Detection also moved earlier. Sixty-eight disciplined fixes name the thing that caught them: a review, a test, a worktree sweep, a characterization snapshot. The process found the bug before it merged. In the vibe era, the process was me, running the app and finding out the hard way.

The reverts surprised me. Zero in the vibe era, five after. That’s the opposite of what you’d guess, until you think about what a revert needs. You can only back a change out if it’s small enough to isolate and you catch it soon enough to bother. The vibe-era commits were 826-line dumps, so I patched forward instead. Discipline turned the revert back into a usable tool. That is the Shield principle: units kept small and independent enough to pull out without the system losing its shape.

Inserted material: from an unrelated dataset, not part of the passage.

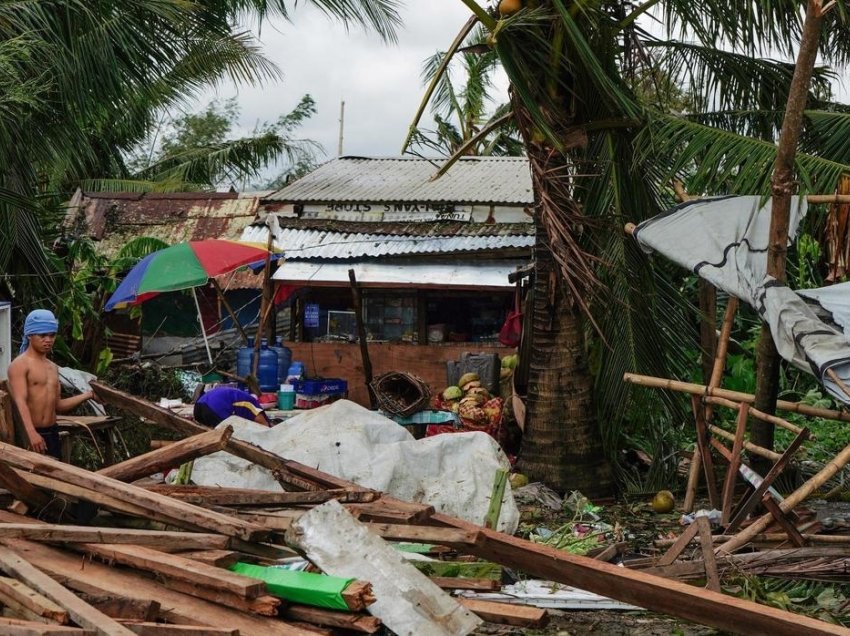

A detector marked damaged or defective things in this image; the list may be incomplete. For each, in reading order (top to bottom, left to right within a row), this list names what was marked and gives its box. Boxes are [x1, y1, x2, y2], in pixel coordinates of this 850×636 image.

broken wooden beam [97, 428, 232, 482]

How you actually turn slop into something viable

One ratio tells the story better than any other. In the vibe era, 30% of the lines in a commit were deletions; the code mostly just grew. In the disciplined era it was 95%. Week after week, the codebase deleted almost as much as it added.

center

That ratio is the whole conversion. Turning slop into something viable wasn’t a rewrite, and it wasn’t a cleanup sprint. It was steady reshaping: 124 refactor commits against the vibe era’s 8, and 47 of those broke God Methods apart into named, single-purpose units. The commit messages stopped naming features and started naming smells, like drop cargo-cult egress normalization write-back and rename HashSet to StaticNoRepoBlueprintAllowList; fix misleading comment. That is the Anchor principle coming back: code that states its intent instead of making the next reader dig it out of the wreckage.

The recipe, in order:

  1. Write the rules down first. Not in your head, but in a file the agent reads on every task. An agent with no constitution writes locally-plausible code with no global coherence. The rulebook is the global coherence.
  2. Plan every feature before you prompt. Requirements and edge cases on paper, and a failing test that encodes them, before the implementation exists. The agent writes toward a target instead of a vibe, and the test becomes the first thing the gate checks. This is the half people skip, and it is half the result.
  3. Install a gate that fails the build. A linter or architecture check that fails the build turns decay from invisible into a number. Skip it and the rules are only a suggestion, and a suggestion always loses to velocity.
  4. Run the gate against the slop and burn down the backlog. The vibe-era code won’t pass. That’s fine; now you have a finite, measurable list instead of a vague sense of unease.
  5. Make every commit atomic from then on. Small enough to review, small enough to revert. That is what lets the gate work continuously instead of in painful sweeps.

The honest caveat

The sweep was incremental, not total

Some vibe-era files were never re-touched and still carry the old shape. factory/nodes/pr.py, born on day one, still has 12 of its 26 functions over the project’s own 15-line limit, with the largest at 56. The webhook controller has sat at 564 lines since March 21st. Code that worked fine since the vibe era never got dragged across the line, because nothing forced it to. The gate only governs code that passes through it.

That limit is the thesis in miniature. Governance worked because it bracketed the agent on both ends: a plan that said what the code was for, and a gate that refused anything which drifted from it. Vibe coding doesn’t fail because agents write bad code; the code they write is good, locally. It fails because nothing makes all that local good add up to something coherent, and nothing makes the decay visible while it’s still cheap to fix. The agent brings the speed. The plan and the gate bring the negentropy, the steady pressure that keeps all that motion from sliding into decay. That part you still have to install. The factory isn’t finished, but it turned into something I could keep building on the weekend I stopped trusting my own diligence and started trusting a spec going in and a build that fails.